As I was reading the posts, I couldn’t help but think about the fact that there is a risk that communities and specific organizations could jump to forming so many backbone organizations in a given community that we end up creating just another layer of bureaucracy. In fact, one of the communities that responded to these blog posts noted that their community has nine backbone organizations related to education. Nine! That seems like a lot of infrastructure, doesn’t it, when you factor in that each backbone organization has at least a director and, in many cases, additional staff? While collective impact backbone organizations typically run lean and mean, impacting significantly more resources than what is required for their operations, I had to wonder how efficient is it to create multiple backbone organizations to do this work? Especially given the beauty of collective impact is the ability to create efficiencies, do more with less and leverage existing resources to achieve impact.

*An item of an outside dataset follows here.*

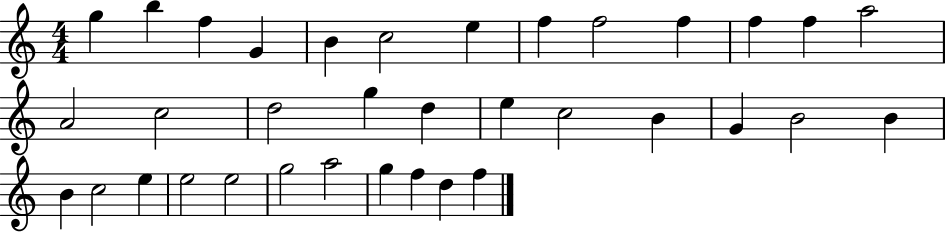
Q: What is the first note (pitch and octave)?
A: G5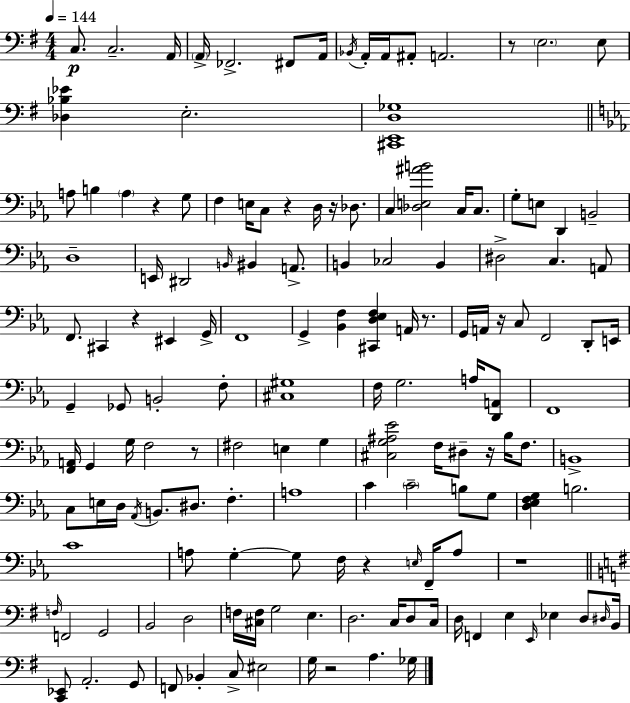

I can see where there could be room for more than one backbone in a community. They could represent different geographies or issue areas (health, education, transportation, etc.). But when there are several backbone organizations with overlapping outcomes, there is an opportunity to be more efficient about the infrastructure created to do collective impact locally. This is especially important considering how challenging it is to find resources to support backbone infrastructure. I recently sat on a panel presentation at a conference for funders who were interested in supporting collective impact initiatives. As part of my panel presentation, I discussed how critical it is for funders to provide backbone support. More than one funder questioned how these efforts could be sustained and I made the arguments that the investment in infrastructure was minimal compared to the impact that could be had and that the efficiencies created as a result of achieving greater impact could be reinvested to support the infrastructure. Reading the blogs has me a bit worried this may not be true when you have multiple backbone organizations in a community. I have to ask: When does it become too much infrastructure to break even, much less see a return on investment, as a result of creating efficiencies?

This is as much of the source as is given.